Saved data entries
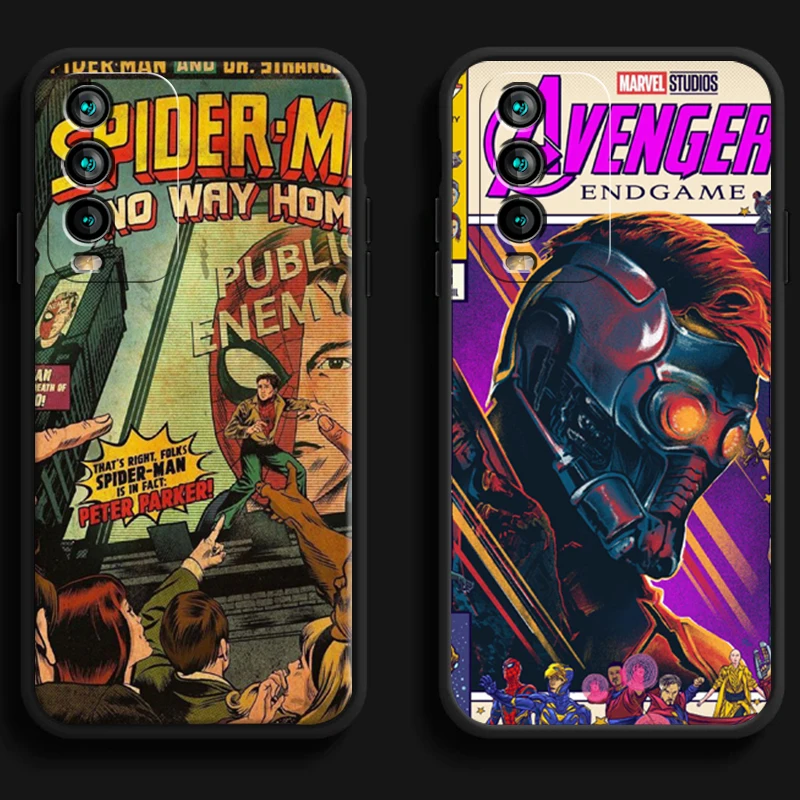 

Marvel Spiderman Phone Cases For Xiaomi Redmi Note 10 10 Pro 10S Redmi Note 10 5G Coque Soft TPU Back Cover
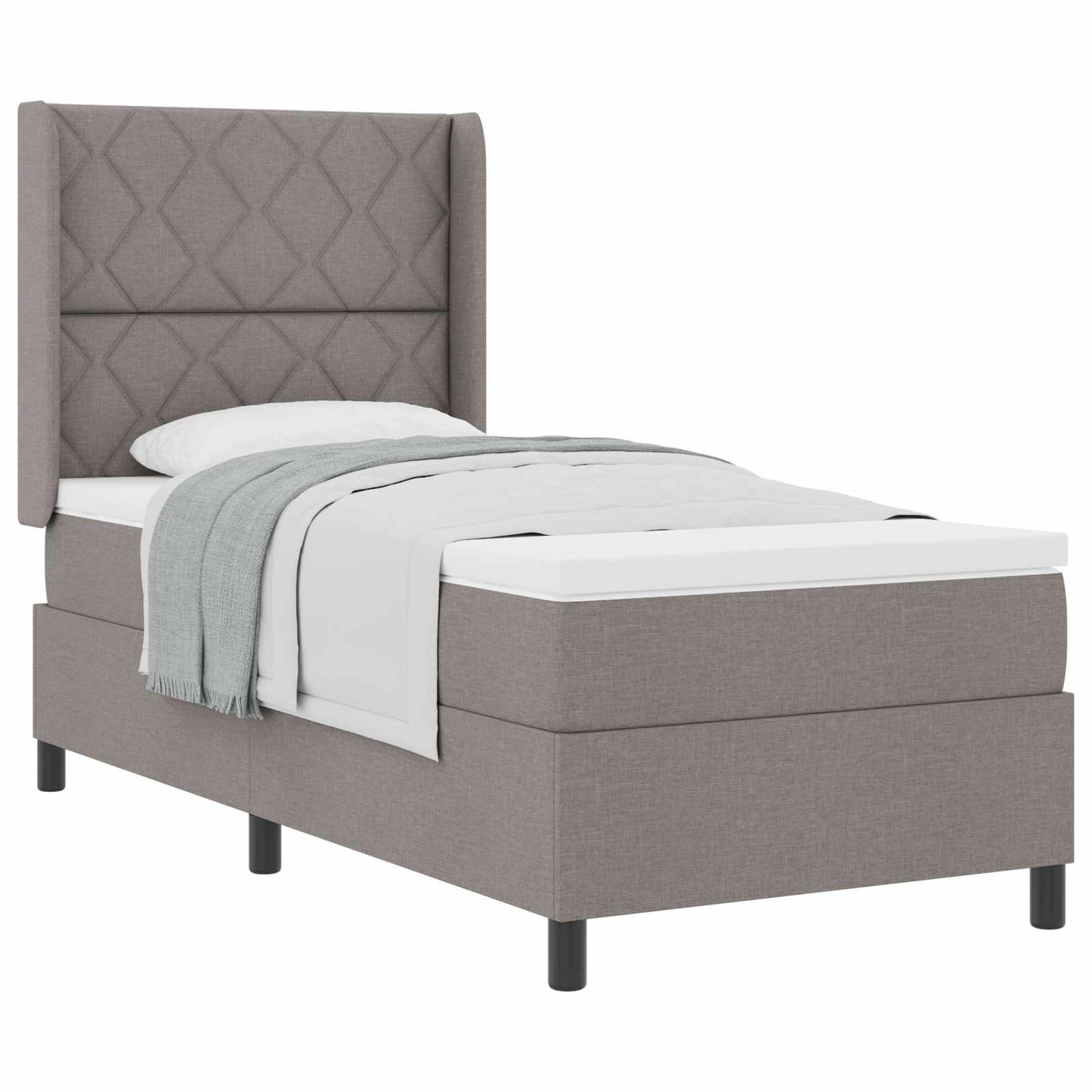 Boxspringbed met kussen met hoofdeinde Taupe 200 x 100 cm Stof
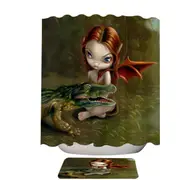 Befriending an Alligator Swamp Fairy Shower Curtain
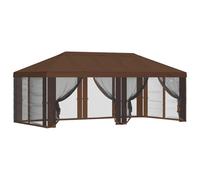vidaXL Funda de Gazebo con Paredes Laterales Marrón 600,5 x 300,5 cm, Carpa de jardín, Sombra Exterior, toldo para terraza, Ideal para Fiestas en el Patio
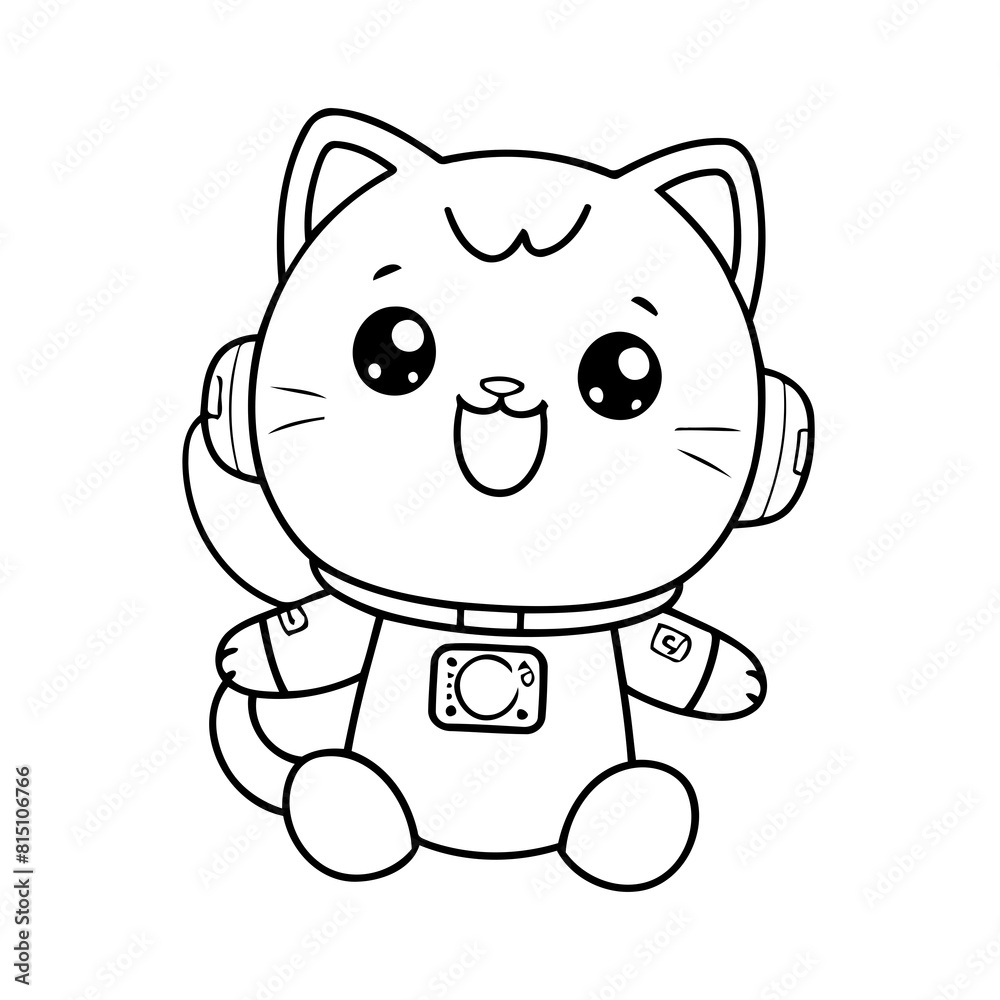 Vector illustration of a cute Cat drawing for kids colouring activity Vector illustration of a cute Cat drawing for kids colouring activity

_Exercise prompt_
Return the data exactly as it stands, minus the pictures.

_Final answer_
Marvel Spiderman Phone Cases For Xiaomi Redmi Note 10 10 Pro 10S Redmi Note 10 5G Coque Soft TPU Back Cover
 Boxspringbed met kussen met hoofdeinde Taupe 200 x 100 cm Stof
 Befriending an Alligator Swamp Fairy Shower Curtain
vidaXL Funda de Gazebo con Paredes Laterales Marrón 600,5 x 300,5 cm, Carpa de jardín, Sombra Exterior, toldo para terraza, Ideal para Fiestas en el Patio
 Vector illustration of a cute Cat drawing for kids colouring activity Vector illustration of a cute Cat drawing for kids colouring activity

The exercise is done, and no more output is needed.